В нашем милом Кудинове, в нашем просторном и веселом доме, которого теперь нет и следов, была комната окнами на запад, в тихий, густой и обширный сад. Везде у нас было щеголевато и чисто, но эта комната казалась мне лучше всех; в ней было нечто таинственное и мало доступное и для прислуги, и для посторонних, и даже для своей семьи. Это был кабинет моей матери… Проходить в него нужно было длинным коридором, через уборную ее и спальню, и вся эта половина дома очень часто была заперта на ключ. Мать любила уединение, тишину, чтение и строгий порядок в распределении времени и занятий. Когда я был ребенком, когда еще «мне были новы все впечатления бытия…», я находил этот кабинет прелестным.

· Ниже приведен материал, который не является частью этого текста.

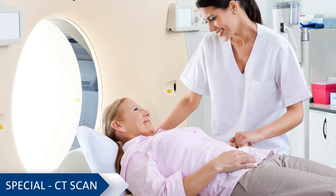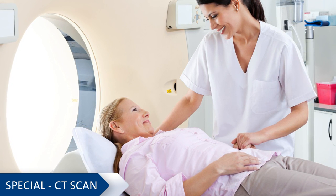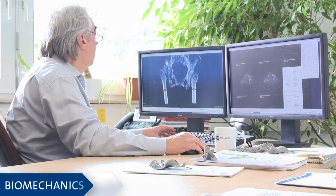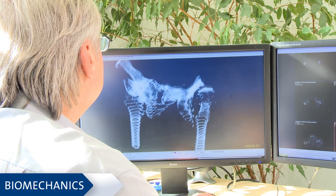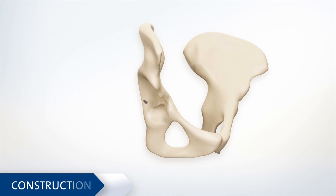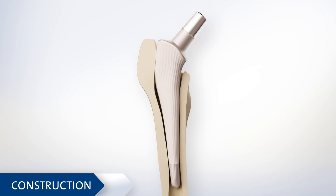At first, a precise computed tomography x-ray is taken of your skeleton, from the spine down to the feet. On the basis of these data, the axes are aligned in the best possible way by means of specific computer programs. The new prosthesis is designed precisely in accordance with the analyses. A simulation program secures optimal implantability of the implant.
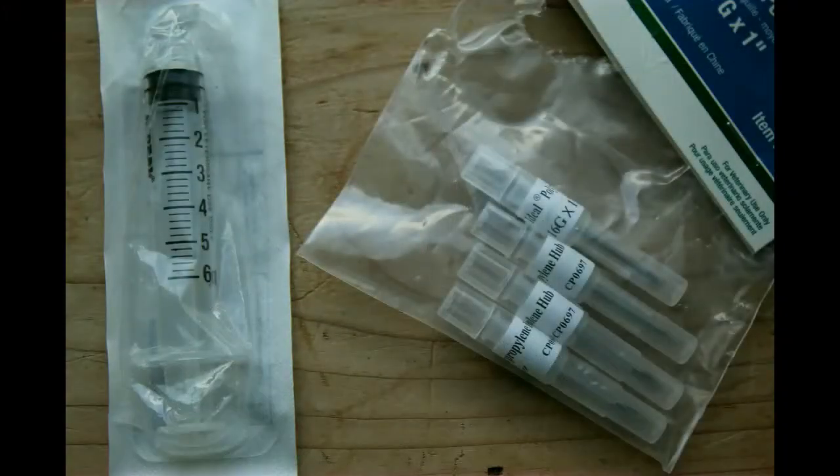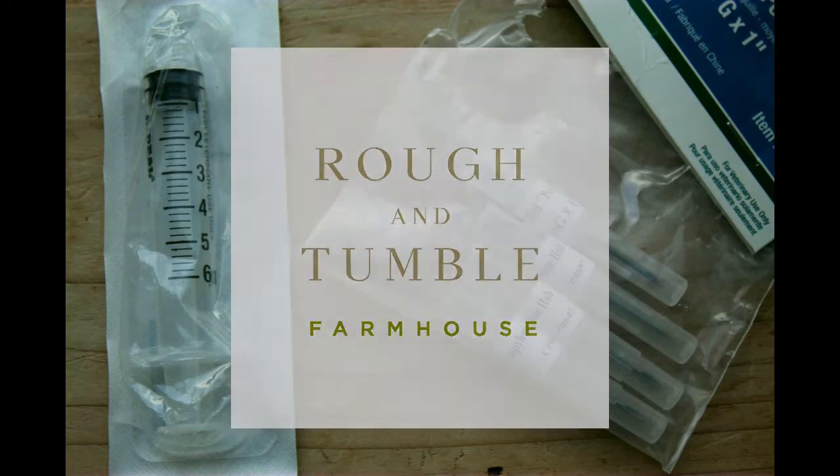Hi, I'm Telsey from ruffandtumblefarmhouse.com and today we are going to talk all about giving injections to your livestock. Before we get into this, I want to say that I am not a veterinarian, I am not a vet tech — I am just a homesteader who has to give injections from time to time to their livestock. Please always consult with your veterinarian before treating your animal. Hopefully this is informational and helps you feel confident and prepared for those times when you need to give an injection.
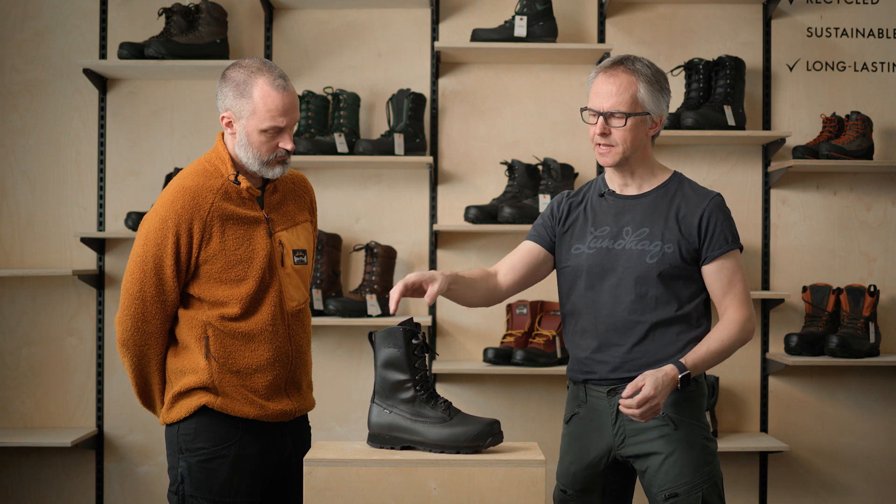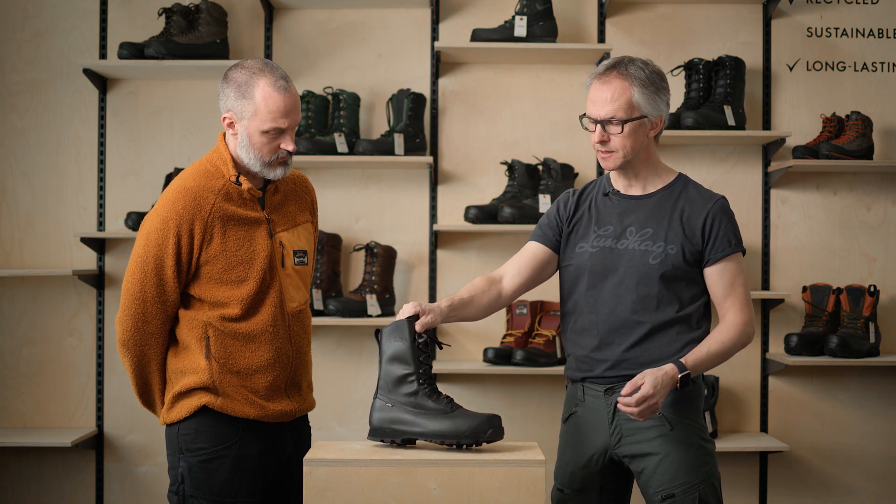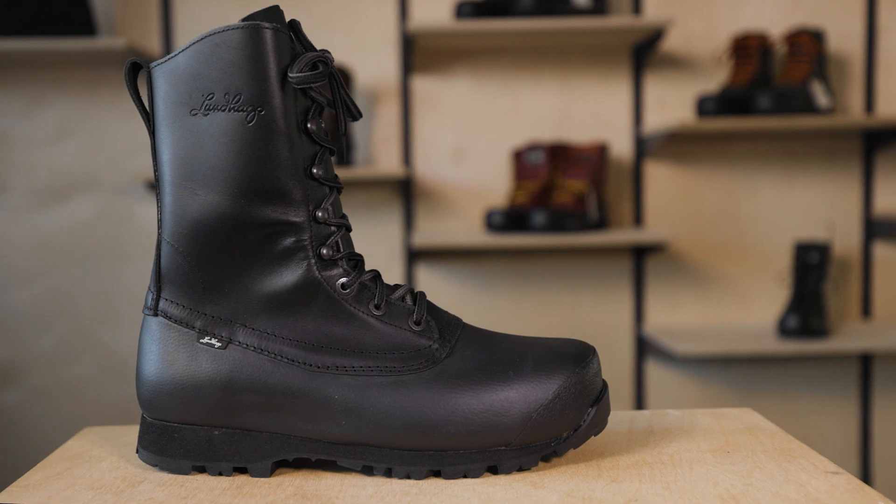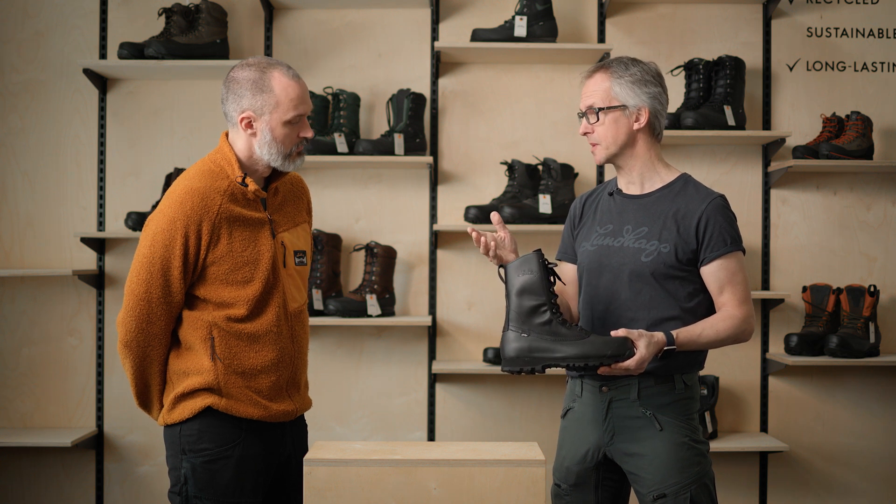So what type of boot is the Forest 2? Forest is a classic from us — a classic shell boot. What we mean by shell is that you add your own socks. This is the inside: a woolen sock, a liner inside, a thicker one in the winter for example.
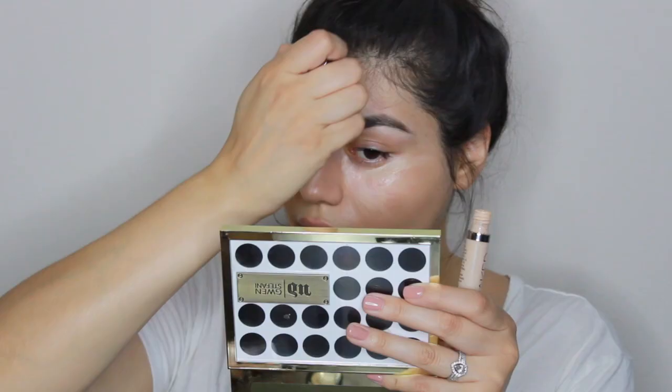One of my favorite concealers to use is Urban Decay's Naked Skin. It's super lightweight, it blends into the skin very seamlessly and it just looks natural and super beautiful. So that's going to be what I'm using today. I'm just going to apply some underneath my eyes. I don't use so much foundation, so I think it's okay to go in heavier with some of the other things.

И в самом деле, он был очень оригинален и мил. В то время еще не привыкли у нас обивать мебель пестрыми ситцами, и даже хорошего полосатого тика ярких цветов я в то время не помню, хотя с раннего детства я не раз ездил с матерью в столицы и очень многое внимательно замечал; но у матери моей было сильное воображение и очень тонкий вкус; ей хотелось устроить себе эту комнату в виде цветной палатки, и она велела сшить широкими полосками какую-то бумажную материю: темно-зеленую, ярко-розовую и белую, и декорировала ею стены и потолок; потолок был собран посредине сборками в большую розетку, в средине которой была вставлена такая круглая бронзовая фигурка, какие употребляются для закидывания занавесок около окон. Пол зимой был обит большим ковром, белым с бархатными темно-зелеными узорами, и это было очень кстати и очень хорошо. Мать сумела извлечь пользу из какого-то темного чулана; над этим чуланом была лестница на антресоли: мать его уничтожила, отодвинув стену дальше в коридор; поставила там деревянные колонки, обила их полотном; велела выкрасить полотно белой масляной краской и обвила их и оклеила спирально поверх полотна таким цветным бордюром, каким оклеивают наверху обои, так что вместо темного чулана для дров в коридоре образовалась за колонками в кабинет какая-то ниша, чрезвычайно уютная и красивая. Она была не широка и вся занята вплоть до колонн одним турецким диваном; и стены этой ниши, и занавес, который можно было задергивать, и самый диван, и турецкие подушки его во всю стену – все было из той же материи, как и отделка стен, и все тех же трех цветов: темно-зеленого, розового и белого.